The objectors and Liss-Riordan dispute the reasonableness of the proposed settlement. O’Connor contends that “under the agreement, Uber drivers are being sold out and shortchanged by billions of dollars while sacrificing the determination of their classification as employees. Additionally, while the settlement includes a nonmonetary component, those provisions will expire after only two years and serve as mere window dressing for an otherwise deficient agreement.” Wired further notes that “as part of the settlement process, other drivers in the class have  filed numerous objections with the court over the last month, disputing matters such as how reimbursement costs have been computed and Uber’s disproportionate control over their actions on the job.”

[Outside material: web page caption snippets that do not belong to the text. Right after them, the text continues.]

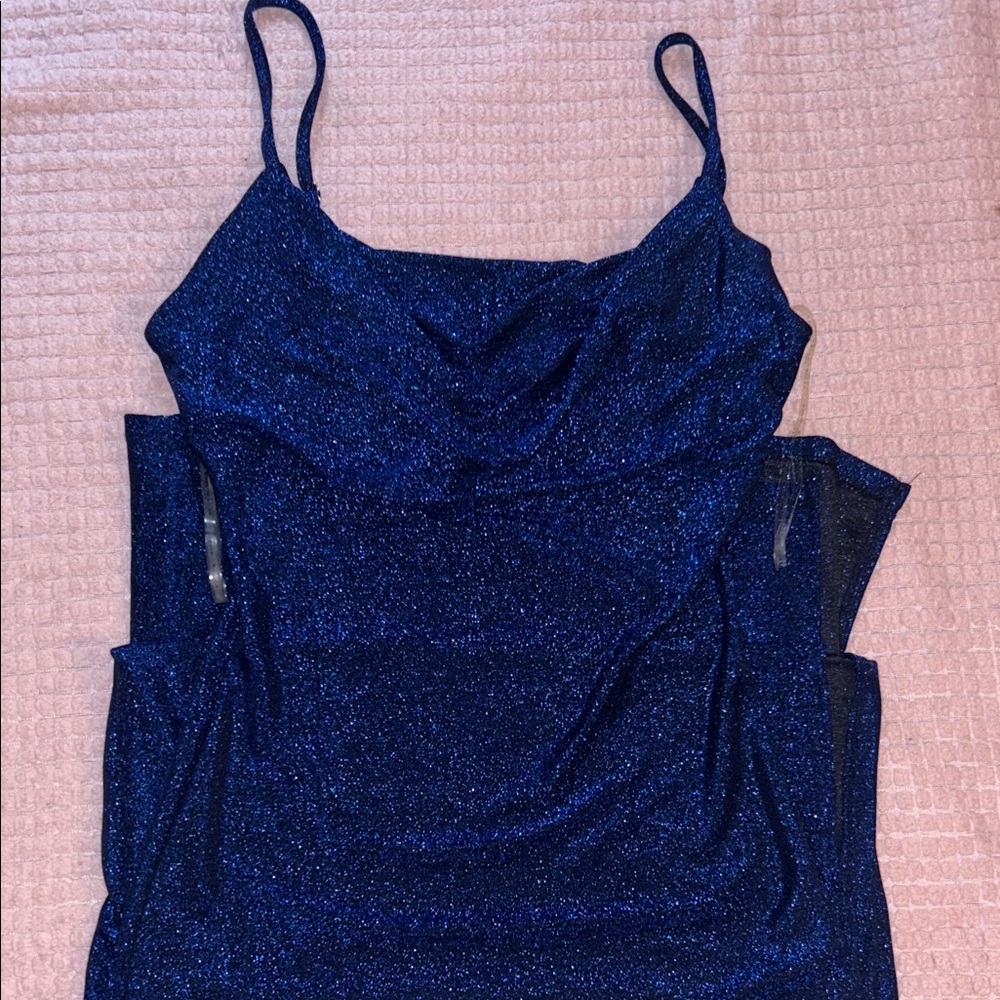 Haute Monde Shimmering Navy Camisole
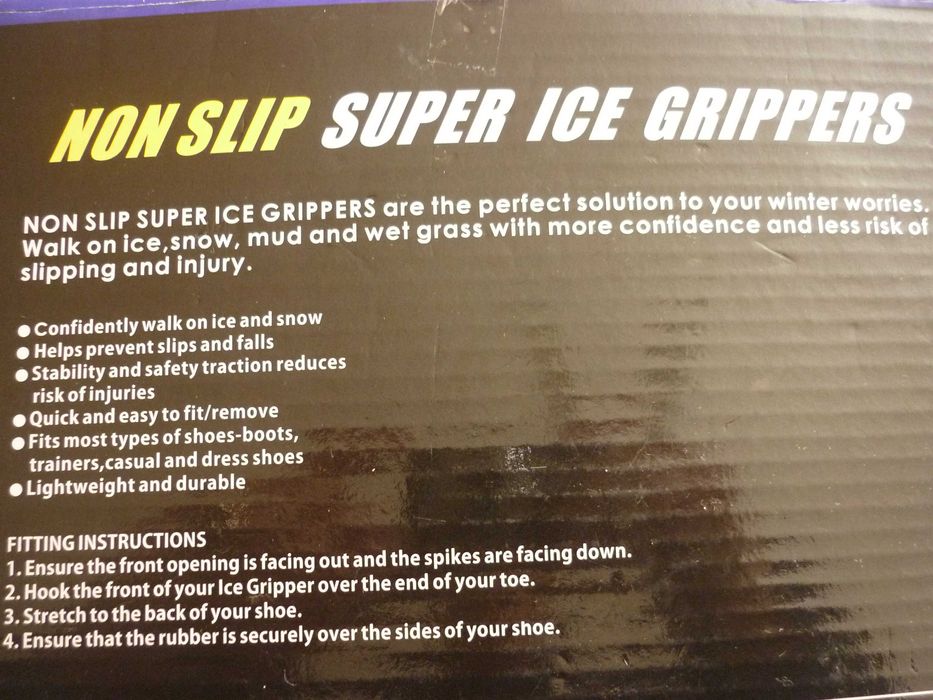 Шипове за обувки против хлъзгане/ледоходки.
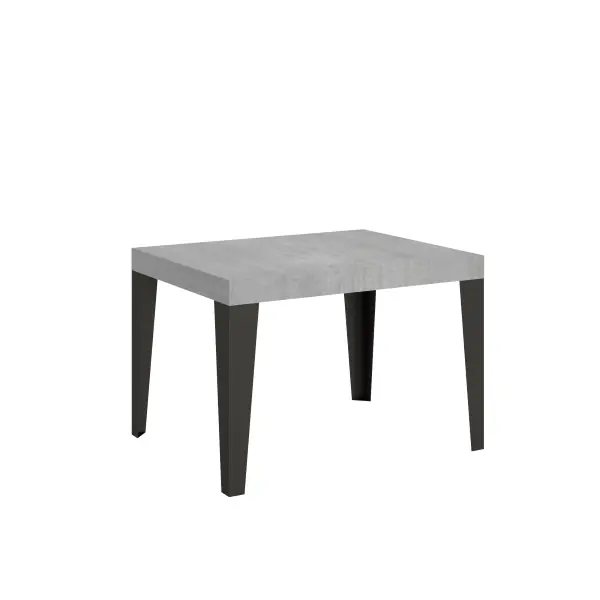 Tavolo allungabile 80x120/204 cm Flame Cemento telaio Antracite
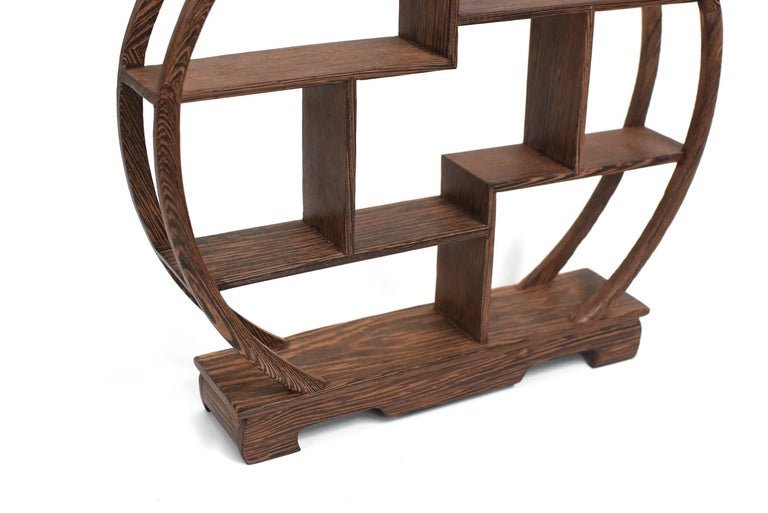Pair of Small Display Stands, Mini Shelves, Solid Rosewood at 1stDibs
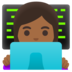 Woman Technologist: Medium-dark Skin Tone Emoji Copy Paste ― 👩🏾‍💻 - google-android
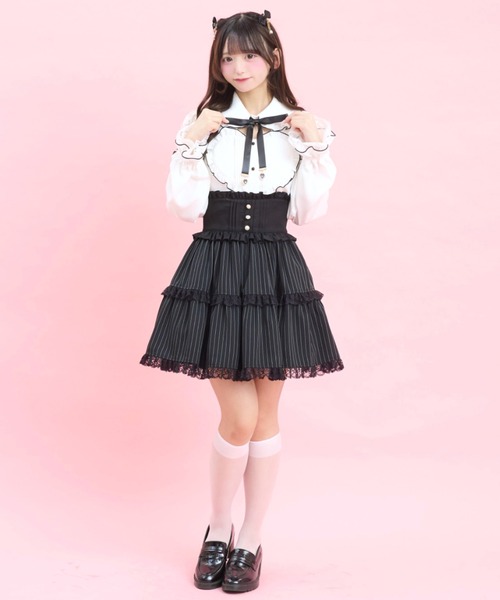 Secret Honey(シークレットハニー) スカート 夏 コルセット風レース Secret Honey(シークレットハニー) スカート 夏 コルセット風レース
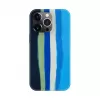 Evelatus Apple iPhone 14 Pro Silikonhülle Mehrfarbig Blau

Liss-Riordan continues to defend the adequacy and significance of the proposed settlement. In a previous statement, she outlined the “very significant changes that will improve work conditions for Uber drivers” in addition to the $84 to $100 million monetary settlement, including but not limited to protections against at-will driver termination, the formation of driver associations, and the ability of drivers to actively solicit tips. She believes that “the settlement we have been able to negotiate for Uber drivers throughout California and Massachusetts provides significant benefits – both monetary and non-monetary – that will improve the work lives of the drivers and justifies this compromise result (which will not result in the drivers being reclassified).”
Additionally, Liss-Riordan has stressed that absent a settlement, an appellate court may have invalidated Judge Edward Chen’s expansive class certification finding Uber’s driver arbitration clauses unenforceable. As we’ve previously noted, “three other federal cases were recently dismissed by federal district judges who enforced Uber’s mandatory arbitration clauses.”
OnLabor will continue to monitor developments as the proposed settlement awaits approval or rejection by Judge Chen.